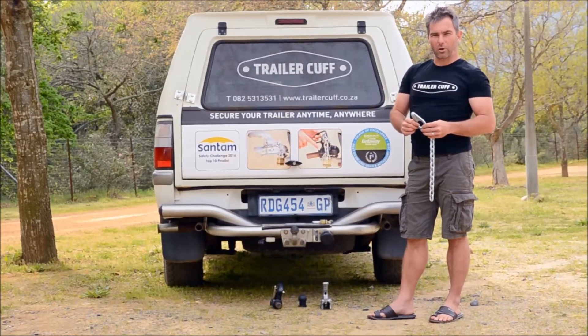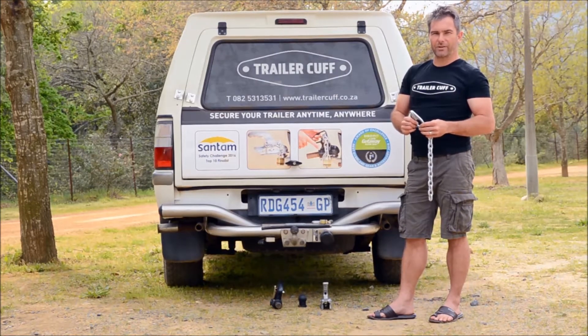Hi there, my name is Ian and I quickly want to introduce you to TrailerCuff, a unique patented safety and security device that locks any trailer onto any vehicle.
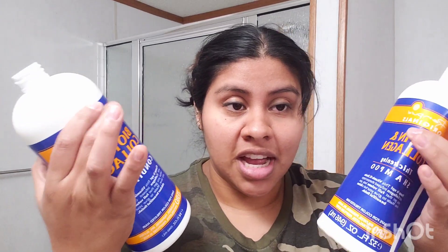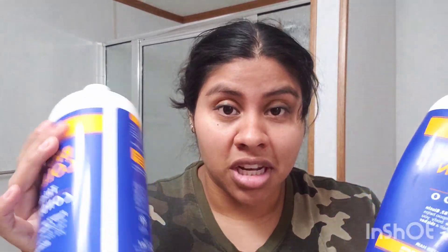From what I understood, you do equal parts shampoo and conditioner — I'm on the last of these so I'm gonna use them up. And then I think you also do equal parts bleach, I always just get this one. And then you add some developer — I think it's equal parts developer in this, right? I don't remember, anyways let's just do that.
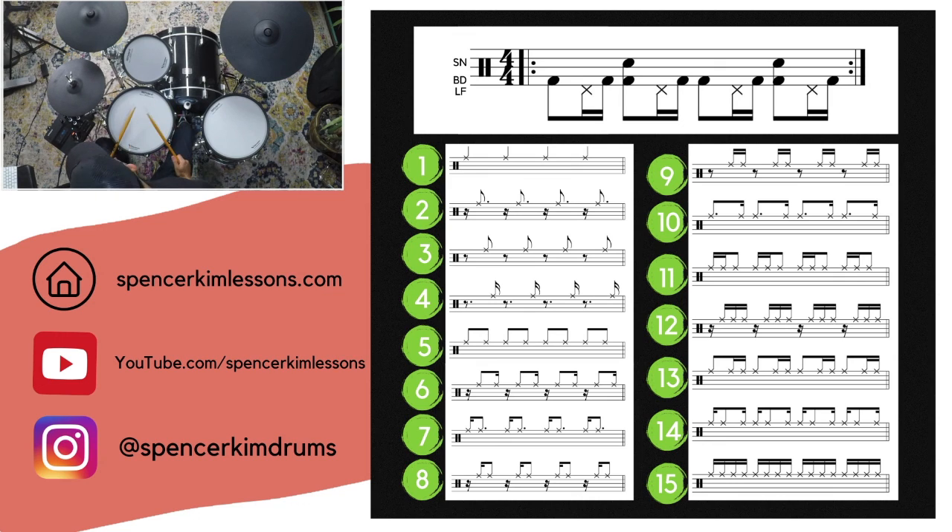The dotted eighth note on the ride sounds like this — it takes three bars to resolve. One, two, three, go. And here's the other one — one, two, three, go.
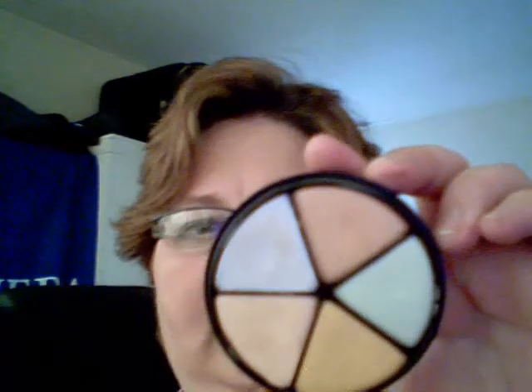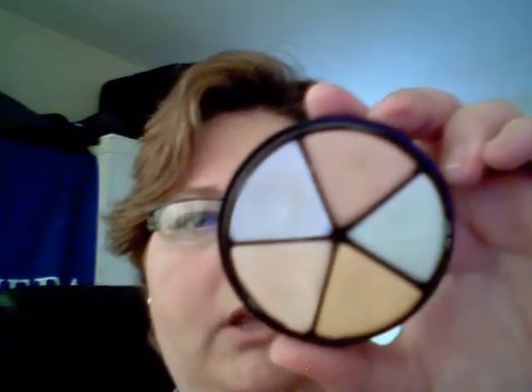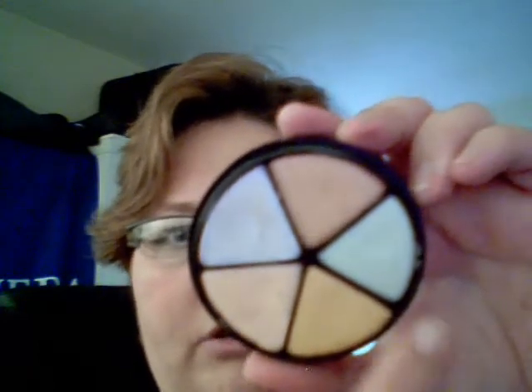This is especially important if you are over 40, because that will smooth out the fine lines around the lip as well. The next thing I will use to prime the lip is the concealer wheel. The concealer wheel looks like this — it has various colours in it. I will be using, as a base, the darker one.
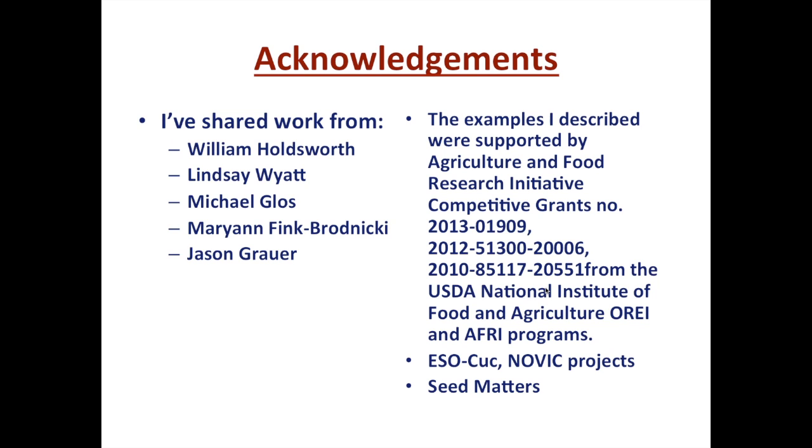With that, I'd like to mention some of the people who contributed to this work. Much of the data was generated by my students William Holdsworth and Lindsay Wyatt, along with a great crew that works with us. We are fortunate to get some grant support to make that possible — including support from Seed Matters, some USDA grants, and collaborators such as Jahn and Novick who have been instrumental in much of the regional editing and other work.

******************************

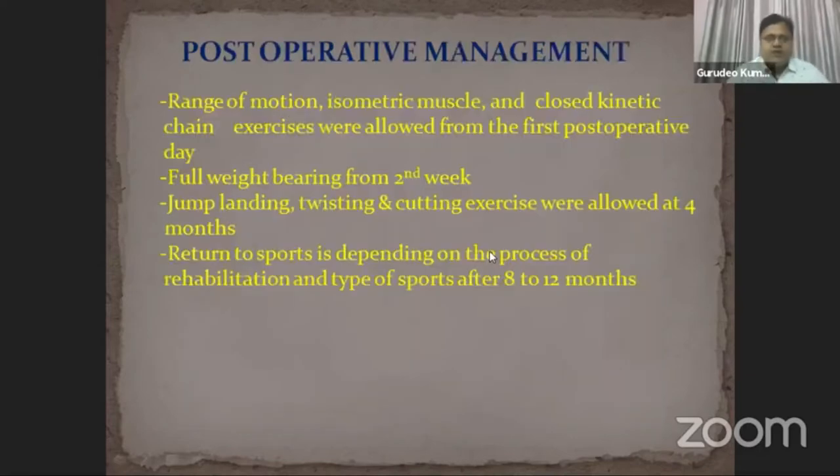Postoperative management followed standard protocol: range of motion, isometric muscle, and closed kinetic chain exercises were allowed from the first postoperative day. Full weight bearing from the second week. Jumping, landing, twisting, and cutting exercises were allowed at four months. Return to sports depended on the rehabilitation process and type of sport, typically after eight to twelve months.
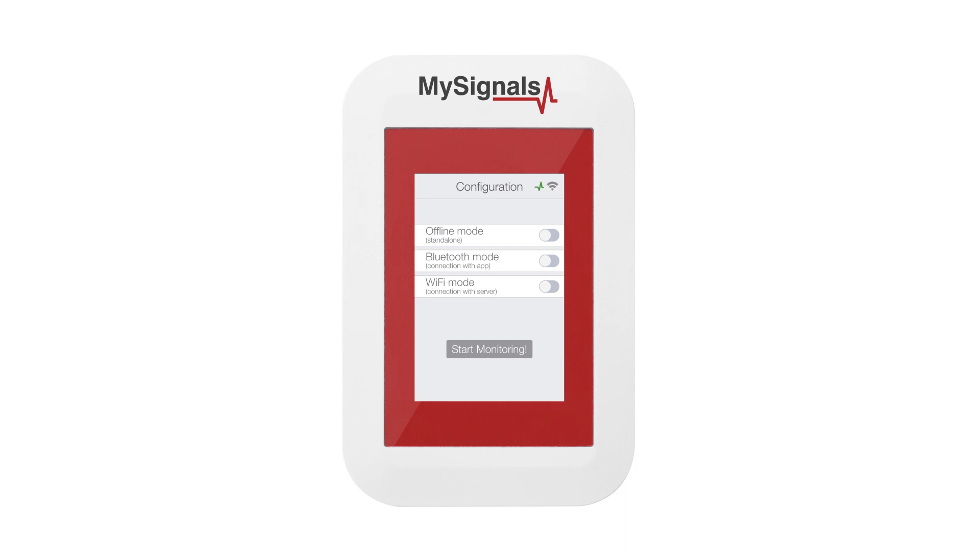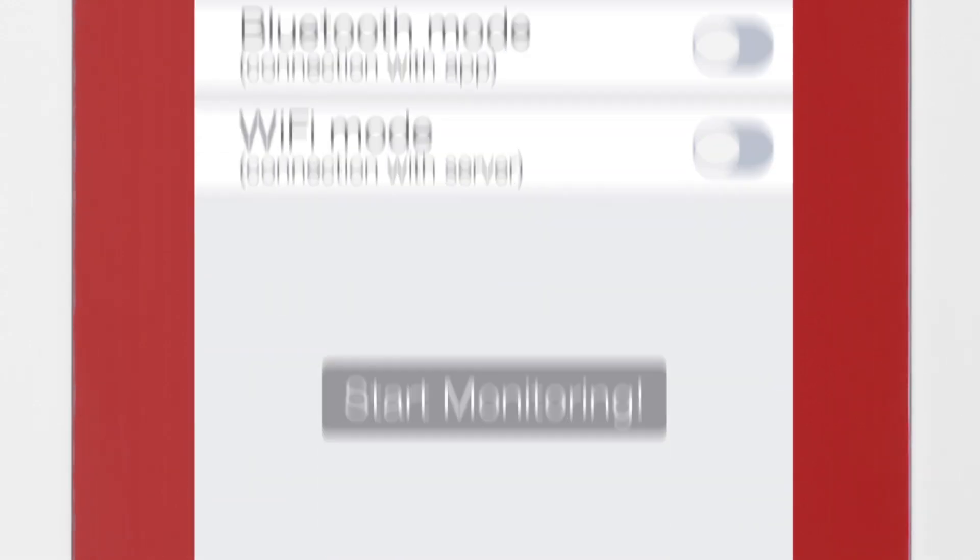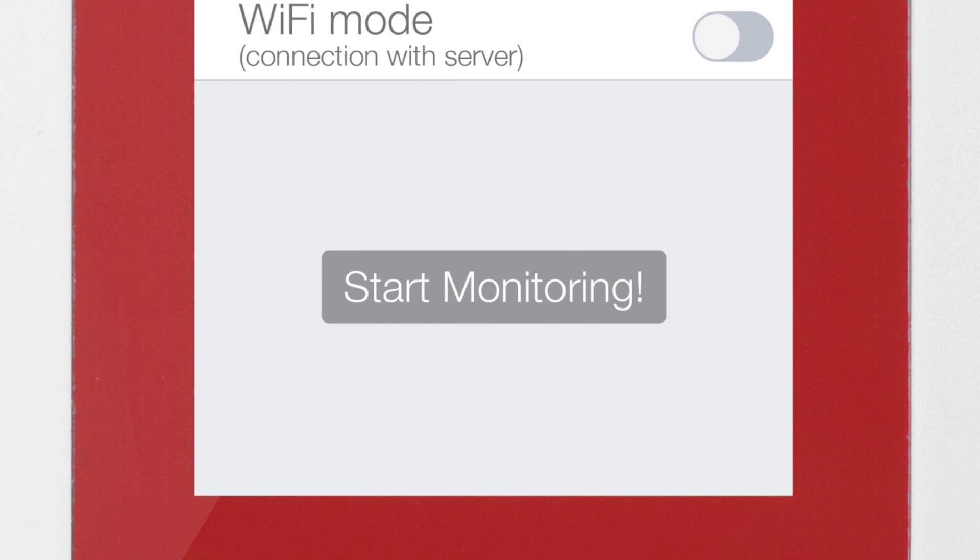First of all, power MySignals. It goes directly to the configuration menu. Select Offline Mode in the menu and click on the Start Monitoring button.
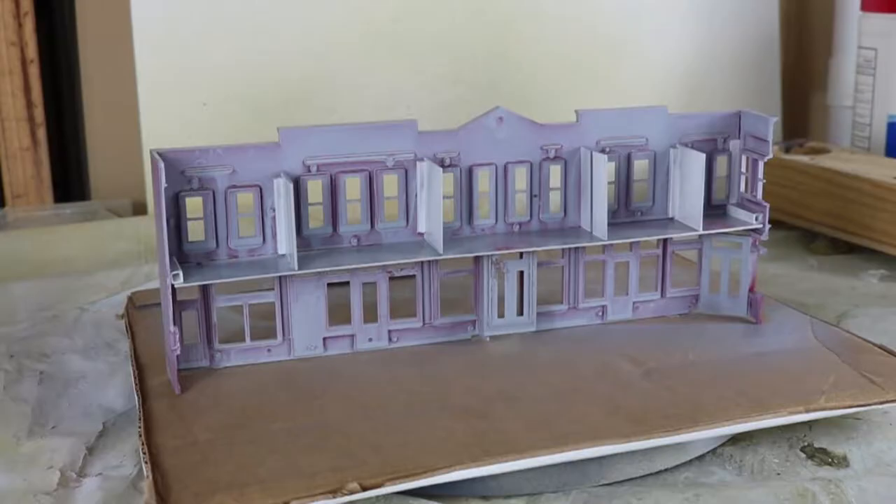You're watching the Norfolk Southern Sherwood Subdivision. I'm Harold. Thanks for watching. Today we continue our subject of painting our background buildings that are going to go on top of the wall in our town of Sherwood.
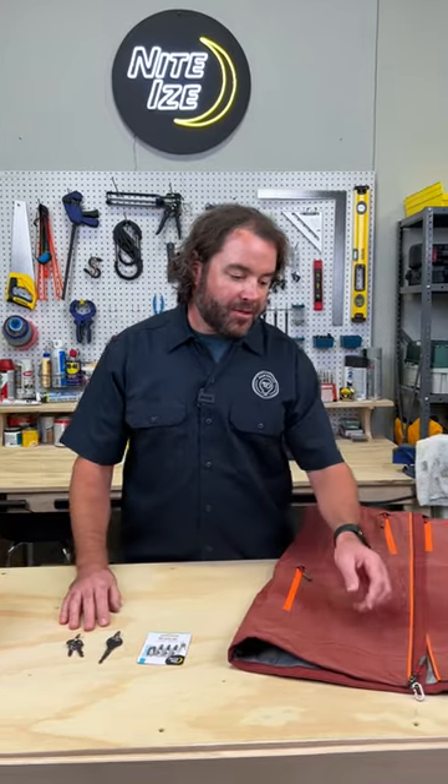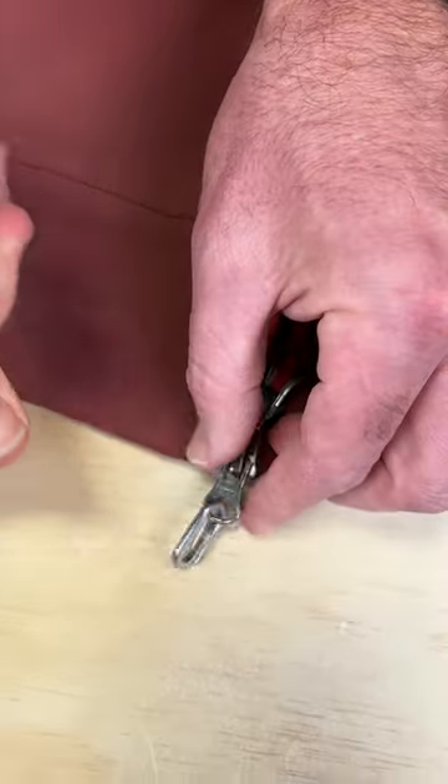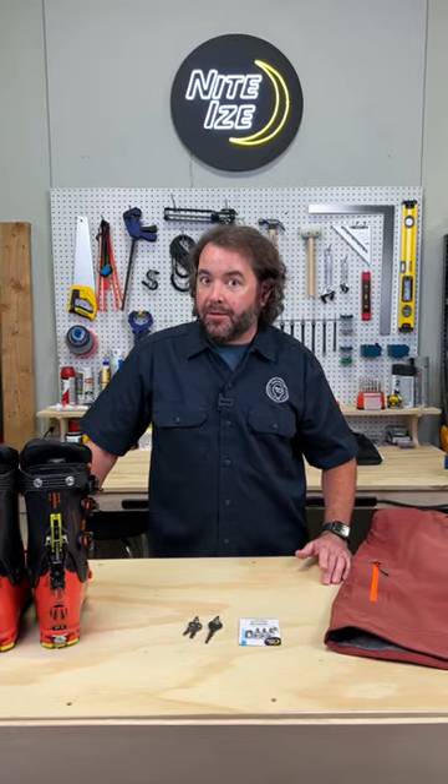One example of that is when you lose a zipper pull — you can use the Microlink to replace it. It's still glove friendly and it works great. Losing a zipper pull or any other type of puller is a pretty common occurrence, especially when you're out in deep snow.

******************************

Exercise:
Above is the material; set down exactly its lines from the one containing "The dotted eighth" down to the one containing "With that, I'd", both included, leaving out any pictures.

Response area:
The dotted eighth note on the ride sounds like this — it takes three bars to resolve. One, two, three, go. And here's the other one — one, two, three, go.
This is especially important if you are over 40, because that will smooth out the fine lines around the lip as well. The next thing I will use to prime the lip is the concealer wheel. The concealer wheel looks like this — it has various colours in it. I will be using, as a base, the darker one.
With that, I'd like to mention some of the people who contributed to this work. Much of the data was generated by my students William Holdsworth and Lindsay Wyatt, along with a great crew that works with us. We are fortunate to get some grant support to make that possible — including support from Seed Matters, some USDA grants, and collaborators such as Jahn and Novick who have been instrumental in much of the regional editing and other work.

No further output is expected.